ACTIVITY
Looking at the listing below, retype exactly the lines starting at the one containing "Mobile Phone Running" and ending at the one containing "Rustic Blessed Freestanding", both included, and nothing else.

SUPPLIED MATERIAL
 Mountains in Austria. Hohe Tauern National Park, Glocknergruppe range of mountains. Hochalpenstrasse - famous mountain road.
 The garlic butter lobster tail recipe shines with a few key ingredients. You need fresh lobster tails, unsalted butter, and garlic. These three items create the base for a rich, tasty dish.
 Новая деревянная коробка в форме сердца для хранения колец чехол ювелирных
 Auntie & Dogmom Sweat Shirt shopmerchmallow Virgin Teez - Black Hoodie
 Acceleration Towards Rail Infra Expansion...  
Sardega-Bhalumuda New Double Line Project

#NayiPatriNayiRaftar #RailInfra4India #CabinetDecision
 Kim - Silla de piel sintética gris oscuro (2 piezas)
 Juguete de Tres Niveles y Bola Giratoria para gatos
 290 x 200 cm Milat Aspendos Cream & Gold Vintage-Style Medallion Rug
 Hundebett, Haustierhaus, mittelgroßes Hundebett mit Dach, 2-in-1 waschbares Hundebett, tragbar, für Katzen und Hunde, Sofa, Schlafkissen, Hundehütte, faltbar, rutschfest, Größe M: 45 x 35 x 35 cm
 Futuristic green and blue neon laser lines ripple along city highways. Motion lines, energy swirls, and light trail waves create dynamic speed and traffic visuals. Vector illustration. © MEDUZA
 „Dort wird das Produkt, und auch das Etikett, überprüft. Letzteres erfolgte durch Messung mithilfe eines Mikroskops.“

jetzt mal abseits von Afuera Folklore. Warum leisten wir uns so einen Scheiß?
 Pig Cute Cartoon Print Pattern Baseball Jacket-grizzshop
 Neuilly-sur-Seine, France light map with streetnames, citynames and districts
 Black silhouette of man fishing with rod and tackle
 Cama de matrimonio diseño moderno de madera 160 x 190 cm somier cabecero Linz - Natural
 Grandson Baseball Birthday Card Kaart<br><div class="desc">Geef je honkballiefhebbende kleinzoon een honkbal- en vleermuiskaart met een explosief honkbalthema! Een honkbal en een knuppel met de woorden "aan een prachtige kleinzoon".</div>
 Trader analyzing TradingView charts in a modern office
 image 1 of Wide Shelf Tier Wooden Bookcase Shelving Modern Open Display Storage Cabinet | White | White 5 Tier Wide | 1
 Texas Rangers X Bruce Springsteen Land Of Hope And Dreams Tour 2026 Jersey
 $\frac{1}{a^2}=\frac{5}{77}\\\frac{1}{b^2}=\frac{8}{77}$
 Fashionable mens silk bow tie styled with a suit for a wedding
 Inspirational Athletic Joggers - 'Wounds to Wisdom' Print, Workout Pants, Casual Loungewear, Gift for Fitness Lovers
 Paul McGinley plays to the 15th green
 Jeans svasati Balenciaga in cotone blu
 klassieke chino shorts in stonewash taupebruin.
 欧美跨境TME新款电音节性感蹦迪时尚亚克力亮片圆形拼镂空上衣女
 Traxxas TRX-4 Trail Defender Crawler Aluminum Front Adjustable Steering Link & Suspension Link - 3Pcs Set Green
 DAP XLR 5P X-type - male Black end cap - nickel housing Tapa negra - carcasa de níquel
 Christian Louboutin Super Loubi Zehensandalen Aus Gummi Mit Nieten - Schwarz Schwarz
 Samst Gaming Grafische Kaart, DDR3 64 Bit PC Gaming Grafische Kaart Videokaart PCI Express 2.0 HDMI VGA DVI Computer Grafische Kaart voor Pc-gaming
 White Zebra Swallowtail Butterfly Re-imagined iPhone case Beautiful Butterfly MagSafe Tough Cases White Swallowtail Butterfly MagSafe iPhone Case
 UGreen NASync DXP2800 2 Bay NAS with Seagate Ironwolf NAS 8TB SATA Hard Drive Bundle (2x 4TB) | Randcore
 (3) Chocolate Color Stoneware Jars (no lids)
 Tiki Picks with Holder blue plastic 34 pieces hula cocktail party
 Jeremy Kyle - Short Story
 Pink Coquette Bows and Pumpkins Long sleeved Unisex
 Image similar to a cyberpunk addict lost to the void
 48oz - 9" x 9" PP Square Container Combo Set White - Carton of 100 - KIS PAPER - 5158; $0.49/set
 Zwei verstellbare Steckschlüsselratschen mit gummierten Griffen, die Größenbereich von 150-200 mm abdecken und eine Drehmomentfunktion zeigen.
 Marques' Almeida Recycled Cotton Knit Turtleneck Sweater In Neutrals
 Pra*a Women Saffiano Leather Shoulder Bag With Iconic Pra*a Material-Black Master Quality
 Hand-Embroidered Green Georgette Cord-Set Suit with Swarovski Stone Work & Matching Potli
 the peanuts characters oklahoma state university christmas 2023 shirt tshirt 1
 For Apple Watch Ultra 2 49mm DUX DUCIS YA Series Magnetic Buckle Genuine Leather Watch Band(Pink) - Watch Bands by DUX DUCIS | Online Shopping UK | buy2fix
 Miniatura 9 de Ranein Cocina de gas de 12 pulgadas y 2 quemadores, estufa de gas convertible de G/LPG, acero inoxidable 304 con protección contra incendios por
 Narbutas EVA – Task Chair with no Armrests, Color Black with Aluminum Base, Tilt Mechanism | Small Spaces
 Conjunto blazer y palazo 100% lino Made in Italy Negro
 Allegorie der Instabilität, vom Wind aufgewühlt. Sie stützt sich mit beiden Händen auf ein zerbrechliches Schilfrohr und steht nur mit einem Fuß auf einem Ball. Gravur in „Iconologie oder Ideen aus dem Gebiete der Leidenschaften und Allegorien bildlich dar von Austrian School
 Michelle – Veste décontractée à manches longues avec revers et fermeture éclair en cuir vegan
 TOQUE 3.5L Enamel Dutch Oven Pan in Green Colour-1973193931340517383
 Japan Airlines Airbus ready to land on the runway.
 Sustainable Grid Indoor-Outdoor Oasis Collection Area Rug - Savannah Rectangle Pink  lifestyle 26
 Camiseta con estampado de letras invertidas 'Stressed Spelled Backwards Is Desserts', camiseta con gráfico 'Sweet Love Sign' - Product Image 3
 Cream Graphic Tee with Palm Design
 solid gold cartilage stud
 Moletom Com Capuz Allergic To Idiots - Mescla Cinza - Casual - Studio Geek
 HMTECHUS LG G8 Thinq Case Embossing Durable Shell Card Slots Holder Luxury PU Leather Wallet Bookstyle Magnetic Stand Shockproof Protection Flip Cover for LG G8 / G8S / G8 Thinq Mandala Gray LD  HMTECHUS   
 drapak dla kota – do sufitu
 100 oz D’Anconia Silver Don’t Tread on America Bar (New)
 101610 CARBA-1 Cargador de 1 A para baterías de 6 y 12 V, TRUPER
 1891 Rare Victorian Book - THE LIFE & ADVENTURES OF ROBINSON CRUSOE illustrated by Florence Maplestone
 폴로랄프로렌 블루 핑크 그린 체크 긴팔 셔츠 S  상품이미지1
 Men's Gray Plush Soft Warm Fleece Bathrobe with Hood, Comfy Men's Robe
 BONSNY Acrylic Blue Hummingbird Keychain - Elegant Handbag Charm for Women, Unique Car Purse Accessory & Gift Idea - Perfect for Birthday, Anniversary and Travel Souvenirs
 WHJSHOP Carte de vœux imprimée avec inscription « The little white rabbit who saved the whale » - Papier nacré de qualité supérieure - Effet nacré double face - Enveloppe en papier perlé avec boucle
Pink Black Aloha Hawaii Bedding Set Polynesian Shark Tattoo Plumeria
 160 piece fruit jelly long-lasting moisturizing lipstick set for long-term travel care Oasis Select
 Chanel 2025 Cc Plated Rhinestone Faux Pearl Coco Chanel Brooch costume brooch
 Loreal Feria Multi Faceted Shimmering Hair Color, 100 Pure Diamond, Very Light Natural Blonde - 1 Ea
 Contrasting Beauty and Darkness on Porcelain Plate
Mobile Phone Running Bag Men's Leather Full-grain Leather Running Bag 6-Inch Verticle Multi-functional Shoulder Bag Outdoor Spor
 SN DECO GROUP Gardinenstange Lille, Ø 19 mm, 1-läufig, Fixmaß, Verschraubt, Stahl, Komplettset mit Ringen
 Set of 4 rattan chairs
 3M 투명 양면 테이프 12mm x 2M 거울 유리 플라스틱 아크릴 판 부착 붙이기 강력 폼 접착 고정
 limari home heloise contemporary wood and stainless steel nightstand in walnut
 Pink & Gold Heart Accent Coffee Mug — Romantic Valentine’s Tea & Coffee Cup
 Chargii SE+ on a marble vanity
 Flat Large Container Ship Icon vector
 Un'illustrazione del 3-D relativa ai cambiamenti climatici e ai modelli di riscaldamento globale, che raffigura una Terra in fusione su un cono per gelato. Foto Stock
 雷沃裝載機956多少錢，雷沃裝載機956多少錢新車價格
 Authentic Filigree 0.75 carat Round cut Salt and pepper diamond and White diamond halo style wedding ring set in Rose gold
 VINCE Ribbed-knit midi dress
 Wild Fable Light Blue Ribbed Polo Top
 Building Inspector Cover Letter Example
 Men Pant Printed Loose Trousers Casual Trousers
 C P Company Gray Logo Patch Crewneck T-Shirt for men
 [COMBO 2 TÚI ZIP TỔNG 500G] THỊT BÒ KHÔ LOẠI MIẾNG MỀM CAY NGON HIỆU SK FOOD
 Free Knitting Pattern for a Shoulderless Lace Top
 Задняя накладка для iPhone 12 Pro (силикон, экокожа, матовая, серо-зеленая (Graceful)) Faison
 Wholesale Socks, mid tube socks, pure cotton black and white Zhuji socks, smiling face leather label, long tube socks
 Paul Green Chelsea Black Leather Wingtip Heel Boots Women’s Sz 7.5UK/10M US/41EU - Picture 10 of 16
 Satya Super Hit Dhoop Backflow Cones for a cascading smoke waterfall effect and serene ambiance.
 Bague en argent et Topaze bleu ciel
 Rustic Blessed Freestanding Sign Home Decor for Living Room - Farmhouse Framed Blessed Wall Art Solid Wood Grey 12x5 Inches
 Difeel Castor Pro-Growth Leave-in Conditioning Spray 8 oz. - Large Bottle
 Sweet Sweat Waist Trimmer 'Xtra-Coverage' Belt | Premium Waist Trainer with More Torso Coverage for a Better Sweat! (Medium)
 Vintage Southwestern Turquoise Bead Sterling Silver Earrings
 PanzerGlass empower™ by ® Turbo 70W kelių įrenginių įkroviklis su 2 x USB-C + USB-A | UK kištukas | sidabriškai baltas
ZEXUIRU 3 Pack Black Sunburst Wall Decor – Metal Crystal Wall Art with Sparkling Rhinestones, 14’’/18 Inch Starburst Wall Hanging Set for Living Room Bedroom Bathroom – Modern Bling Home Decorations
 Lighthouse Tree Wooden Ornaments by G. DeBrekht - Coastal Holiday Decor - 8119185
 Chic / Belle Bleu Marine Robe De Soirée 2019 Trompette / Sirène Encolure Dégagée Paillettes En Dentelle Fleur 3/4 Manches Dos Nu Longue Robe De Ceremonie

PROBLEM SOLUTION
Mobile Phone Running Bag Men's Leather Full-grain Leather Running Bag 6-Inch Verticle Multi-functional Shoulder Bag Outdoor Spor
 SN DECO GROUP Gardinenstange Lille, Ø 19 mm, 1-läufig, Fixmaß, Verschraubt, Stahl, Komplettset mit Ringen
 Set of 4 rattan chairs
 3M 투명 양면 테이프 12mm x 2M 거울 유리 플라스틱 아크릴 판 부착 붙이기 강력 폼 접착 고정
 limari home heloise contemporary wood and stainless steel nightstand in walnut
 Pink & Gold Heart Accent Coffee Mug — Romantic Valentine’s Tea & Coffee Cup
 Chargii SE+ on a marble vanity
 Flat Large Container Ship Icon vector
 Un'illustrazione del 3-D relativa ai cambiamenti climatici e ai modelli di riscaldamento globale, che raffigura una Terra in fusione su un cono per gelato. Foto Stock
 雷沃裝載機956多少錢，雷沃裝載機956多少錢新車價格
 Authentic Filigree 0.75 carat Round cut Salt and pepper diamond and White diamond halo style wedding ring set in Rose gold
 VINCE Ribbed-knit midi dress
 Wild Fable Light Blue Ribbed Polo Top
 Building Inspector Cover Letter Example
 Men Pant Printed Loose Trousers Casual Trousers
 C P Company Gray Logo Patch Crewneck T-Shirt for men
 [COMBO 2 TÚI ZIP TỔNG 500G] THỊT BÒ KHÔ LOẠI MIẾNG MỀM CAY NGON HIỆU SK FOOD
 Free Knitting Pattern for a Shoulderless Lace Top
 Задняя накладка для iPhone 12 Pro (силикон, экокожа, матовая, серо-зеленая (Graceful)) Faison
 Wholesale Socks, mid tube socks, pure cotton black and white Zhuji socks, smiling face leather label, long tube socks
 Paul Green Chelsea Black Leather Wingtip Heel Boots Women’s Sz 7.5UK/10M US/41EU - Picture 10 of 16
 Satya Super Hit Dhoop Backflow Cones for a cascading smoke waterfall effect and serene ambiance.
 Bague en argent et Topaze bleu ciel
 Rustic Blessed Freestanding Sign Home Decor for Living Room - Farmhouse Framed Blessed Wall Art Solid Wood Grey 12x5 Inches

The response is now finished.